I know several teachers who’ve retired or changed careers, and most of them have trouble getting rid of their old lesson plans. It’s hard to discard work we slaved over, researched, and taught. But people are different. One retired teacher kept her papers and lesson plans for years, but another threw out her lessons plans, textbooks, and schedules the week after she retired. What makes one person one way and another the other way? I don’t know, but I’m in the camp of teachers who find it hard to forget the hours we labored to make grammar, literature, creative writing, and communication skills relevant for our students.
I have good memories of days in the classroom, and the memories of my former teachers are even more precious. I studied Shakespeare with a leading Shakespearean scholar. I studied short stories with a highly regarded writer. I discussed literary themes with the best of literary critics. Those were heady times for someone like me who loved the literary arts. I still have notebooks from those classes. But alas, I can’t continue to live in the past.

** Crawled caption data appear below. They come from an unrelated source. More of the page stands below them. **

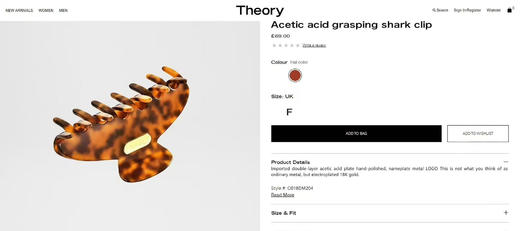 【收尾团购】Theory国外专柜限定款 豹纹抓夹 纯手工打磨醋酸板材抓夹 商品图0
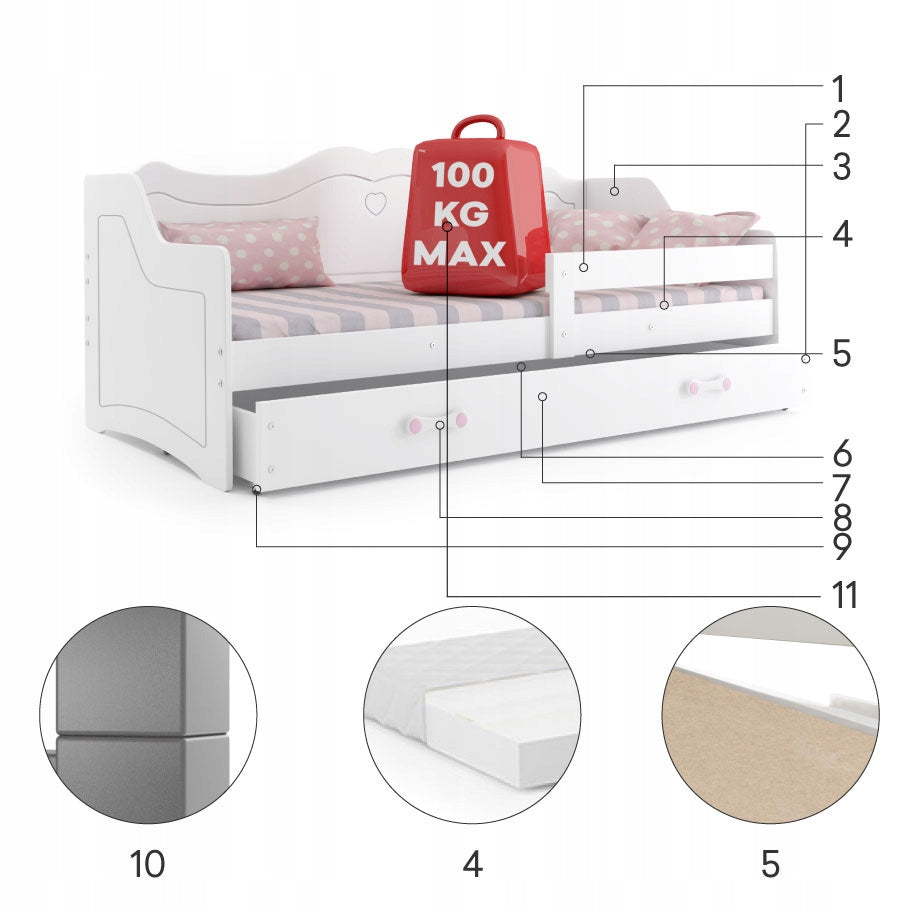 Children's bed Julia 160x80 white with mattress from Interbeds EAN (GTIN) 5902730698883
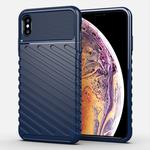 For iPhone XS Max Thunderbolt Shockproof TPU Soft Case(Dark Blue)
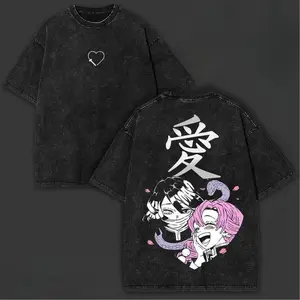 valentine shirts Obanai Iguro x Mitsuri Kanroji Demon Slayer Oversized Tee: Ultra-Soft Washed Fabric for All-Day Comfort, Featuring Double-Printed Love Kanji Artwork | Ultimate Anime Fan Essential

The first papers I discarded from my teaching days were old examination papers. I looked them over, remembered the students and their anguish over having to write those papers. The second batch of work I’ve discarded are some lesson plans—not all. Still on my table are my syllabi and the rosters for each class. Those I can’t yet give up. The fourth batch of papers I will throw away are the student evaluation papers. .I haven’t tossed them out yet, but by the end of January they will be gone. The marks and comments reflected students’ ideas of whether or not I was a good presenter, offered directions clearly, or listened to their complaints with understanding. At the time, I had to remind myself that I should not judge myself as successful or a failure by those remarks. Teachers have a hard enough time teaching without having to think about whether they are entertaining. Moreover, the teachers I most fondly remember are the ones who were tough and demanding. In my mind, teachers should be among the highest paid and most respected professionals in our society.